A single RtpReciever can be configured to receive a simulcast stream (i.e. receives from potentially multiple stream sources but one one is received and rendered at a time from the RtpReceiver which outputs a single Media Stream Track).
When an RtpReceiver is configured for simulcasting certain configurations can lead to a rapid switch from one RtpSender's stream to another and then back which can be confusing to a receiver on how to demux the RTP packets properly.
The difference from scenario A and B are difficult to determine from an engine perspective. Are the packets arriving on the original SSRC 5 because of a switch back to 5 or because they were late to arrive? Also, if SSRC 5 had some late packets arriving and the switch to SSRC 6 occurred then the remaining SSRC 5 packets would get clipped (potentially cutting the end of an audio stream slightly short).
(a) Have a set of timing rules that can be applied to determine scenario A versus B to resolve the ambiguity.
(b) Render in two (or more) hidden RtpReceivers with individual tracks being output from each where the simulcast RtpReceiver is the rendered output of the combined audio for audio and the active video for video.
(c) Do not allow simulcasting and require separate RtpReceivers where the Media Stream Tracks indicate their activity (active/inactive) state allowing switching from an application between the streams (as well as sending all audio to render so that it doesn't matter which stream is output).
(d) Do a simple method of "last packet wins" and watch the jitter happen :)
Personally, I think (c) must always be an option to the programmer if they prefer to switch to active Media Stream Tracks manually in the application layer thus I don't see dropping support for simulcast in the RtpReceiver as advantageous, which eliminates (c) as the "solution" for me. I assume that Media Stream Track already has the ability to fire an "active / inactive" state to know when a stream is actively receiving or has become inactive [sending party has stopped transmitting](but I've not verified this is actually true or not that such an event exists).
I don't like (d) because I think the user experience will be bad.
I think (b) is a lot of additional work for a marginal improvement in rendering where (c) could already be used if an application programmer cared about those marginal improvements.
That leaves (a) for me. The question is what set of rules / timings would need to be used?
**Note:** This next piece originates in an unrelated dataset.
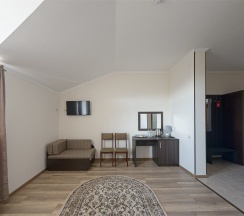 Полулюкс в Лагуна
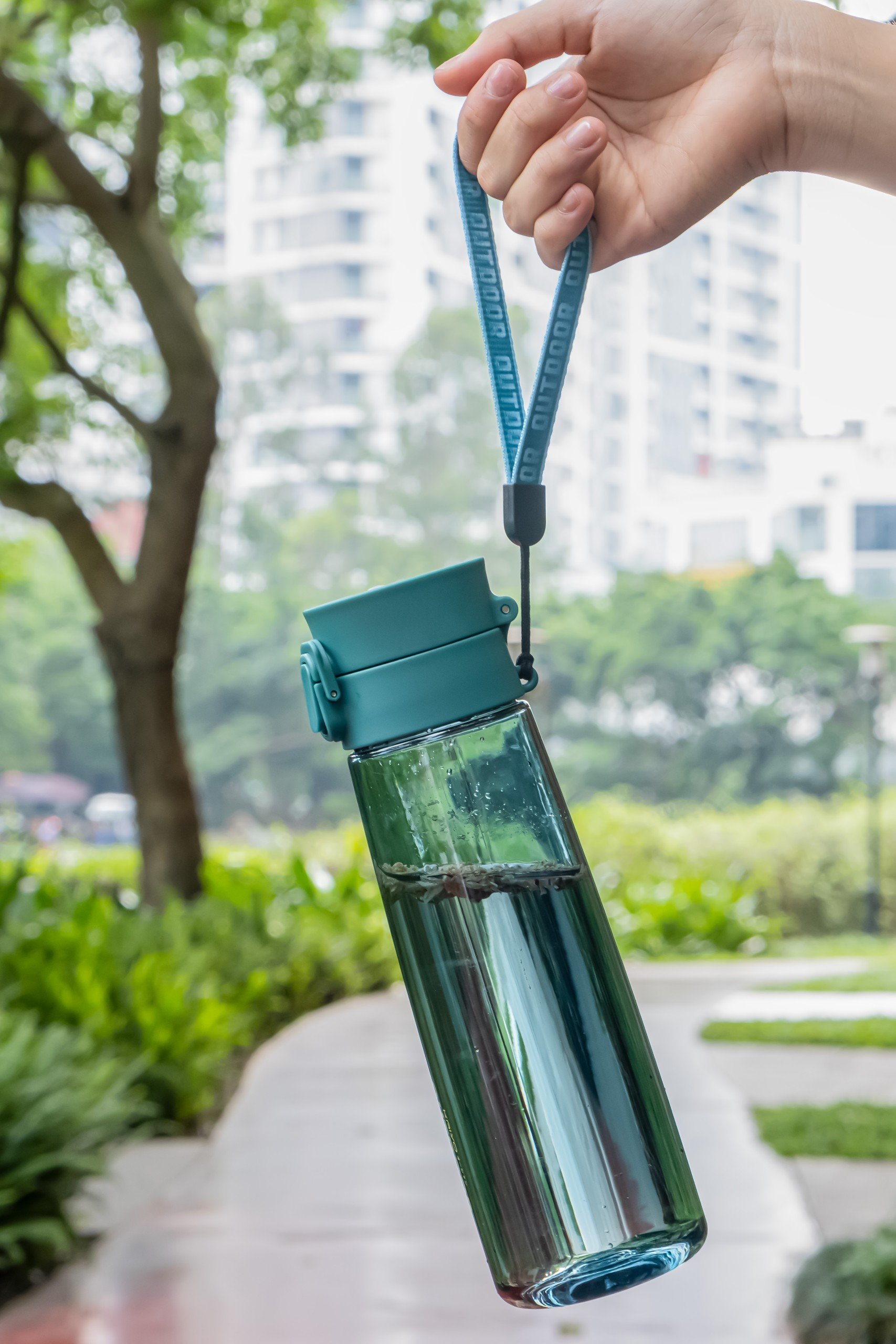 Bình nước Tritan Kaiyo có lọc trà 680ml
[cross posting to ortc list so please reply on the list]
For WebRTC 1.0, simulcast functionality has been restricted to the situation where an RtpSender sends multiple streams, but the RtpReceiver only receives a single stream. The assumption is that the SFU receives multiple simulcast streams from participants and selects between the simulcast streams, providing the receiver with a single stream that switches resolutions and/or frame rates based on SFU switching decisions. To date, my understanding is that SFUs supporting the interoperable WebRTC video codecs (e.g. VP8, VP9, H.264/AVC) all support this model.
Non-support for simulcast reception and SVC codecs with MRST
Fix for Issue #175
@robin-raymond In practice, support for RFC 6051 is often used to align the timestamps of the received streams. This allows the receiver to distinguish Scenarios A and B. The other (codec-specific) way that the streams can be aligned is through the Decoding Order Number (DON) field in H.264/SVC.
Without RFC 6051 or DON, heuristics can be used, but this will be prone to error. For example, the implementation could switch from SSRC 5 to SSRC 6 and assume that the last received SSRC 5 timestamp represents the switching point. However, if delayed packets subsequently arrive on SSRC 5 they might need to be thrown away. Whereas with RFC 6051, the implementation might realize that there is a gap between the last received packets in SSRC 5 and the newly receive packets in SSRC 6, and wait for that gap to be filled in by late arriving SSRC 5 packets.
ORTC Lib solved this internally and locks onto the latest active stream and obsolete packets do not causes switching.
ORTC Lib does a mixture of a) and b).
TODO: add a spec note to the spec to describe how to be a good implementation and handle this... 6051 is great if possible but a) and b) can be done in that absence.
Edge supports the H.264/SVC DON field to help line up the received multiple streams without support for RFC 6051 rapid sync, but that is a codec-specific approach (e.g. no equivalent of DON in VP8/VP9).
Simulcasting to RtpReceiver and switched stream rapid switches and cl…
Fix for Issue #175
Fixed with note that RFC6051 was not used in any implementation and added note how ORTC Lib handles this particular case as an example.